La portion retirée par les industrieux se nomme le profit de l’industrie. Parmi les industrieux, les uns sont de simples salariés qui reçoivent chaque jour, chaque semaine, chaque année, d’après une convention faite d’avance, la part qu’ils ont pu obtenir des valeurs produites. Les autres sont des entrepreneurs qui achètent et consomment les services productifs, et sont remboursés par la vente des produits, ou des portions de produits, qu’ils ont entrepris de créer à leurs frais et à leur profit[1].

Un entrepreneur possède communément en propre le capital, ou tout au moins une portion du capital qui sert à ses avances. Aussi les économistes anglais confondent-ils presque toujours, sous le nom de profit, le revenu que l’entrepreneur obtient de son industrie, de son talent, et celui qu’il doit à son instrument, au capital. Cette analyse imparfaite jette souvent de l’obscurité dans leurs écrits, et les empêche de présenter une fidèle image des faits[2].

  1. Dans l’exemple de la montre, plusieurs ouvriers sont eux-mêmes les entrepreneurs de leur propre industrie ; ils tirent un profit, et non pas un salaire. Celui, par exemple, qui ne fait que les chaînettes du mouvement des montres, achète l’acier brut, le travaille, et vend son produit. Il est entrepreneur de chaînettes de montre. Un autre est fabricant de boîtes.

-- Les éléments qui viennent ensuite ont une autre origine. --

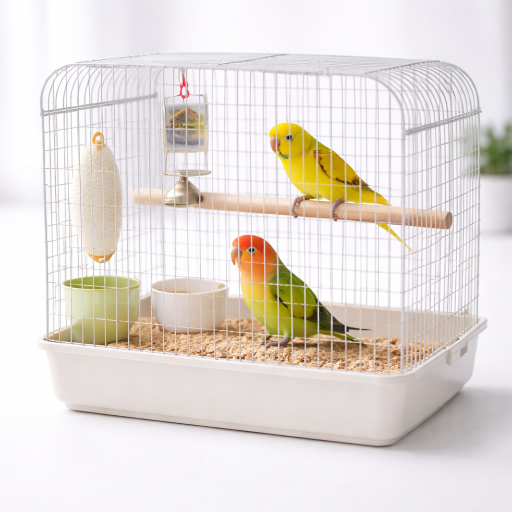 MUHABBET KUŞ KAFESLERİ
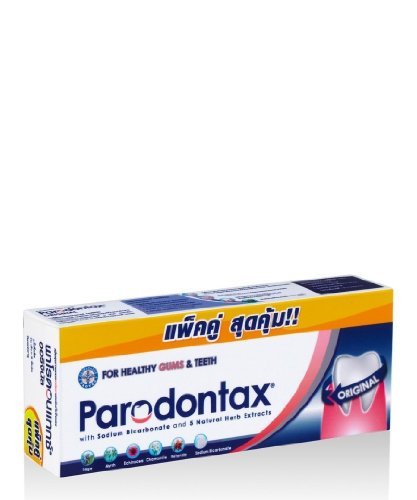 Parodontax Original Toothpaste 150g. (Pack 2)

    Une fileuse de lin achète pour quelques sous de filasse, la file, convertit son fil en argent. Une portion de cet argent achète de nouvelle filasse ; c’est son capital. Une autre portion achète les denrées qui satisfont à ses besoins ; ce sont les profits de son industrie et de son petit capital : ce qui compose son revenu.

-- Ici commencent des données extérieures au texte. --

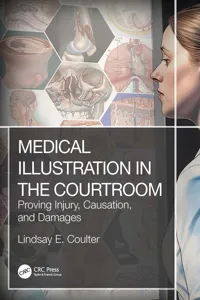Medical Illustration in the Courtroom_cover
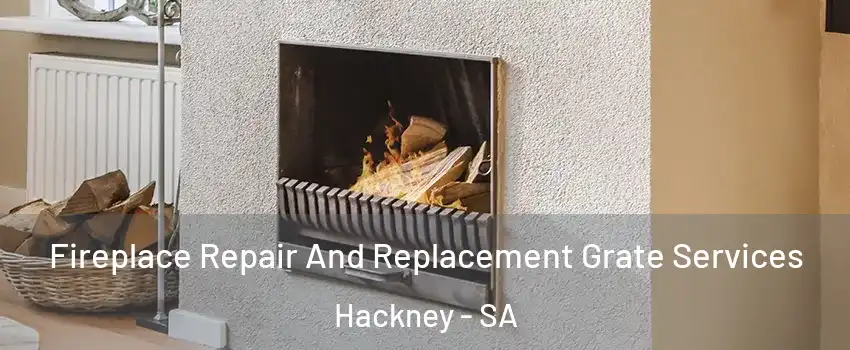  Fireplace Repair And Replacement Grate Services Hackney - SA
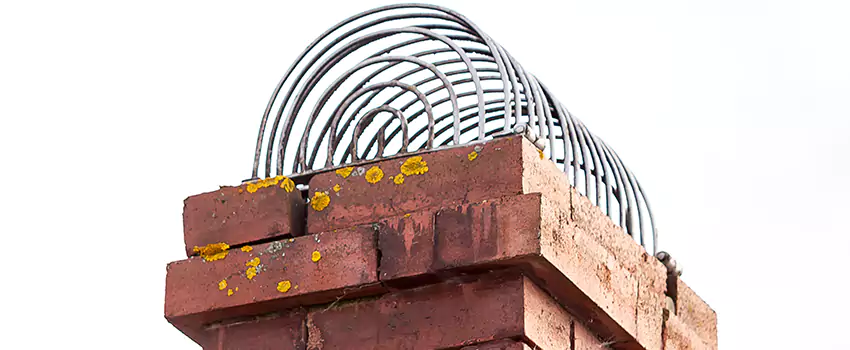 Chimney Crown Problems in Rockwall, Texas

  2. Dans la même ville, lorsque deux manufactures s’occupent de la même espèce de produits et disposent d’un capital semblable, si l’une d’elles, conduite avec beaucoup plus d’ordre, d’intelligence, d’activité que l’autre, rapporte 20 pour cent de son capital, et la seconde à peine 5 pour cent, n’est-il pas évident que la supériorité d’un de ces profits sur l’autre, est due à la supériorité des talens industriels de l’entrepreneur, et non à son capital ? Adam Smith (liv. I, ch. 8), et après lui la plupart des économistes anglais, se sont jetés dans de fort grands embarras pour vouloir expliquer les profits de l’industrie en les confondant avec les profits du fonds capital. Il est essentiel de les distinguer quand on remonte à la source des revenus. M. Thomas Tooke, celui des écrivains anglais qui a analysé avec le plus de sagacité les causes de la variation des prix, l’a fort bien senti. « M. Say, dit-il dans une publication récente, distingue ce qu’il appelle profits industriels des profits des capitaux, et nos économistes gagneraient à adopter cette classification. » (Considerations on the state of the Currency, 1826, p. 15). On trouvera une autre note sur le même sujet, liv. II, ch. 8, § 2.